The Federal Reserve has long wrestled with stubbornly low inflation. A decade ago few would have expected this to be a problem, but Personal Consumer Expenditure (PCE) inflation, the Fed’s preferred measure, is coming in at 1.8% this year. Federal Open Market Committee (FOMC) members have been considering allowing inflation to overshoot their target of “around 2%”. As Eric Rosengren, president of the Federal Reserve Bank of Boston, noted, if you’re trying to average 2%, “you can’t have only observations that are below 2 per cent.”
One consequence is that, when inflation does eventually move above 2%, the FOMC may delay efforts to lower it so as to allow for some catch up.
Outside of the FOMC’s technical concern with achieving its desired 2% average, inflation generates few worries. Keeping up with the cost of living is a crucial objective of saving for retirement, yet few appreciate a shortcoming in traditional measures of inflation.
Inflation indices measure the cost of a representative basket of goods and services of constant utility. The basket rarely fits individuals, but it reflects society’s pattern of purchases and so is right on average. The catch is in the last phrase, of constant utility. Products and services generally improve, and because those improvements increase utility, statisticians typically adjust for the improvement, lowering inflation.
Consumer electronics is a good example. iphones get better and more expensive with every new release. But the inflation data place a value on those improvements and adjust down to calculate the price of an iphone with the same features. My niece took clear, well-lit photos on the weekend with her iphone 11. The phone costs more, but the photo quality means you’re getting more phone than before. Better photos mean more utility, although beyond the enjoyment of being flattered by the imagery, there’s little else to do with that extra utility.
The Bureau of Labor Statistics (BLS) publishes the Consumer Price Index (CPI). The Fed prefers the PCE because it dynamically adjusts for shifting consumption patterns, and is more representative of actual consumer behavior. But for decades we followed the CPI, and the point that follows applies to inflation indices generally.

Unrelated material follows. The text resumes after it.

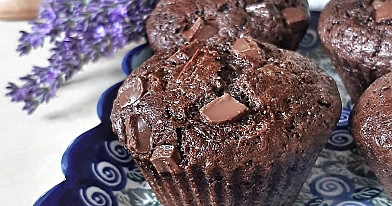 Mocno czekoladowe muffinki na maślance z kawałkami czekolady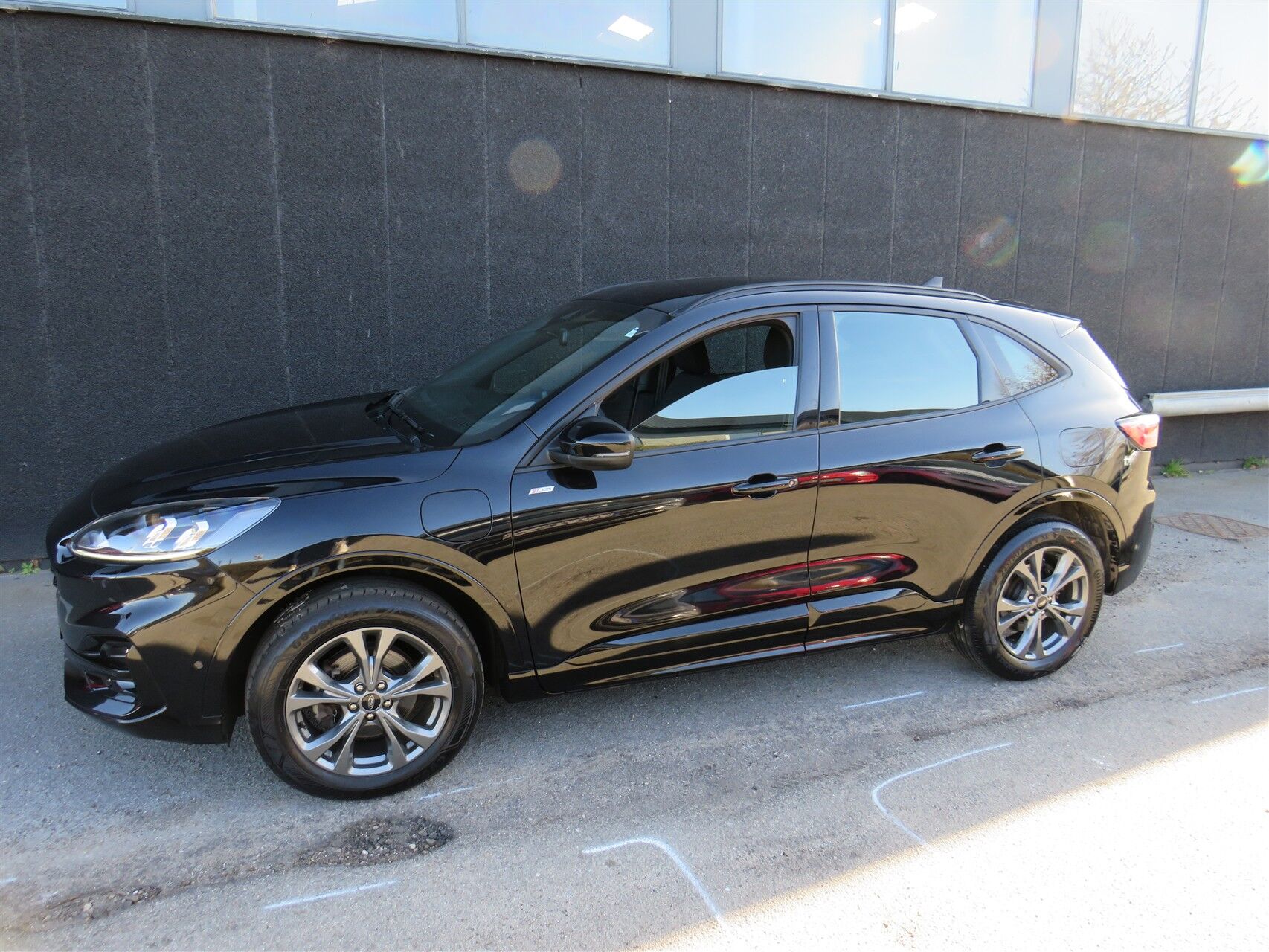 Billede af Ford Kuga 2,5 Plugin-hybrid ST-Line CVT 225HK 5d Trinl. Gear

The BLS publishes a list of items in their CPI subject to “hedonic quality adjustment”. It’s mostly clothing and consumer electronics. Mens’ suits are apparently improving in quality as well – or perhaps it’s now harder to buy a cheap suit. In any event, suits are apparently better value for money than in the past, which in inflation math is deflationary.
I wrote about this topic in Bonds Are Not Forever; The Crisis Facing Fixed Income Investors. In a subsequent blog I highlighted one of the most absurd hedonic quality adjustments – airline tickets (see Why Flying is Getting More Expensive). Even though economy flyers everywhere would agree that cramped seats and lousy food make commercial air travel an endurance, the BLS found that quality (which they defined simply as ease of cancellation) had improved, boosting value for money and thereby lowering the cost of airfares within the index.
What it means is that keeping up with inflation doesn’t mean keeping up with your neighbors. The statisticians are measuring prices, and their approach has some logic. But they’re just not measuring what most of us think they’re measuring. If inflation seems lower than the rate you experience personally, it’s probably because you accept quality improvements but don’t think of them as price reductions. iphones cost more, even if hedonic quality adjustments provide an offset. You’re still having to pay more cash, leaving less for something else. Inflation statistics reflect this less than you think.